*** Opening Input data ***

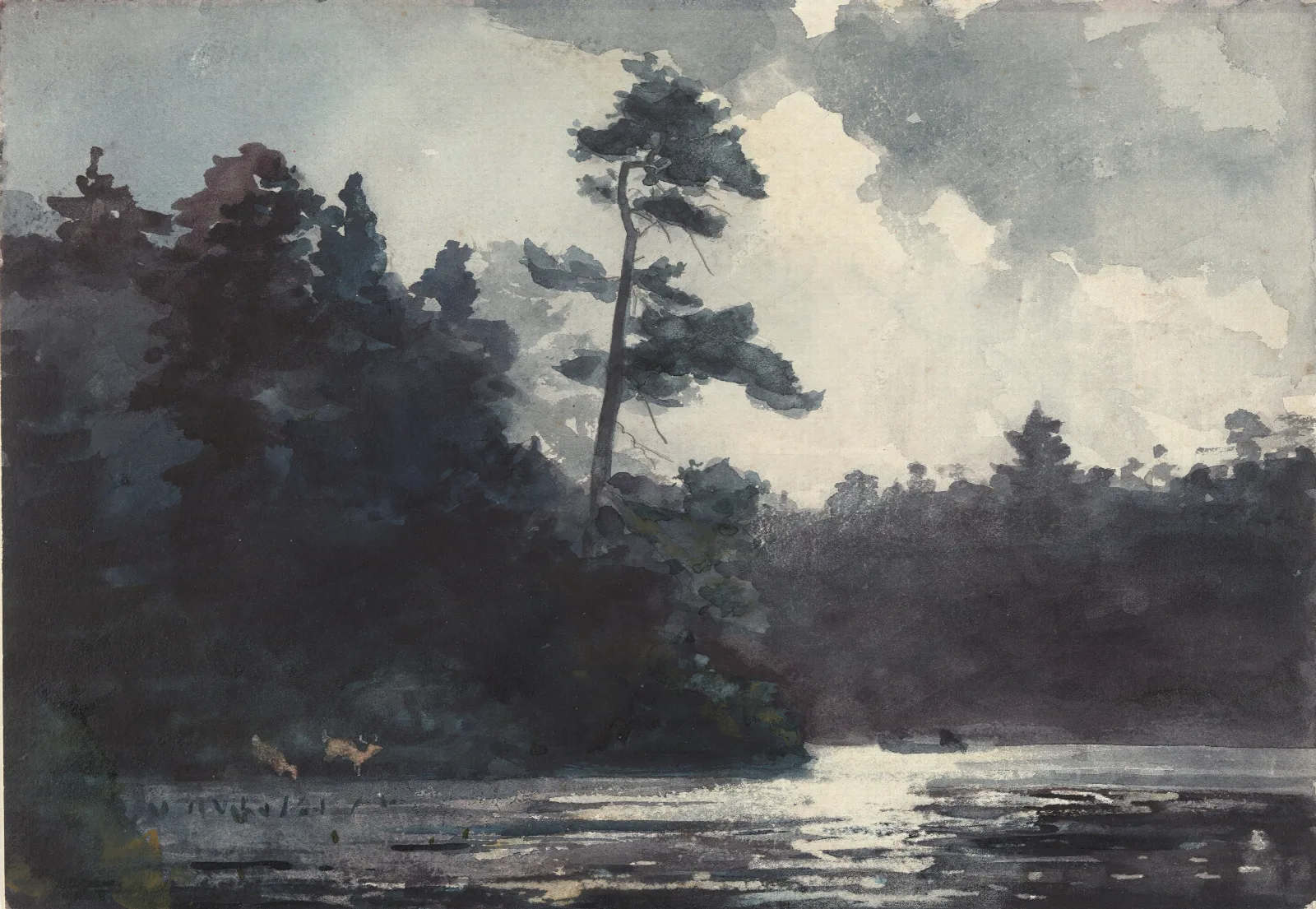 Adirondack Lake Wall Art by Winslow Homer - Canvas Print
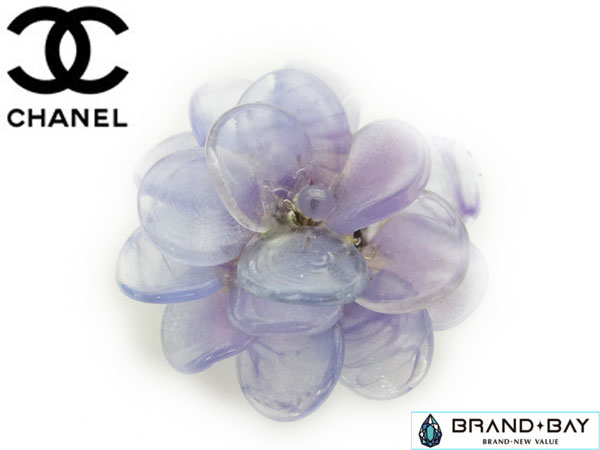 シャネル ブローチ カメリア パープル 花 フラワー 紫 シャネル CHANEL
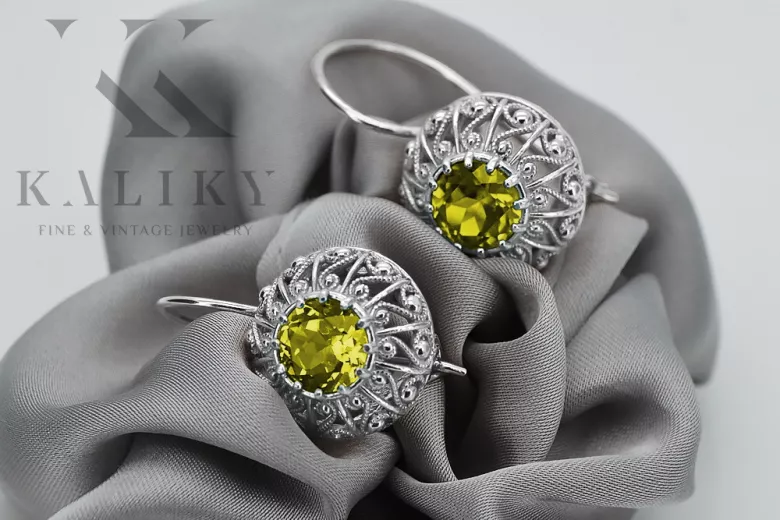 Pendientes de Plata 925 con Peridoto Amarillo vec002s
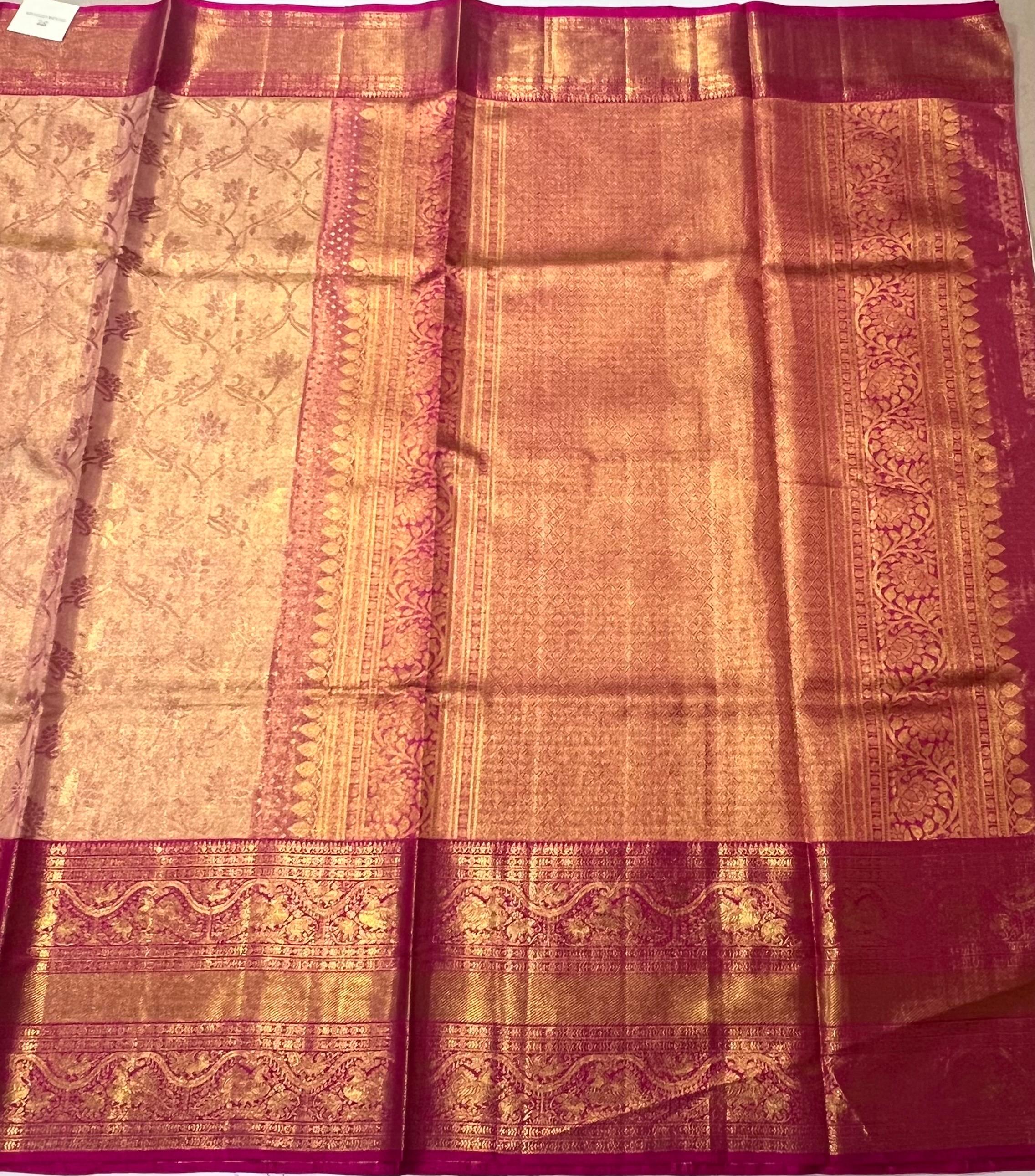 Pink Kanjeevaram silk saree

*** Closing Input data ***

Task brief
Line by line and exactly, reproduce the span from the line with "シャネル ブローチ カメリア パープル 花 フラワー 紫 シャネル CHANEL" through the end of the data above, both ends included, with pictures left out.

Exercise answer
 シャネル ブローチ カメリア パープル 花 フラワー 紫 シャネル CHANEL
 Pendientes de Plata 925 con Peridoto Amarillo vec002s
 Pink Kanjeevaram silk saree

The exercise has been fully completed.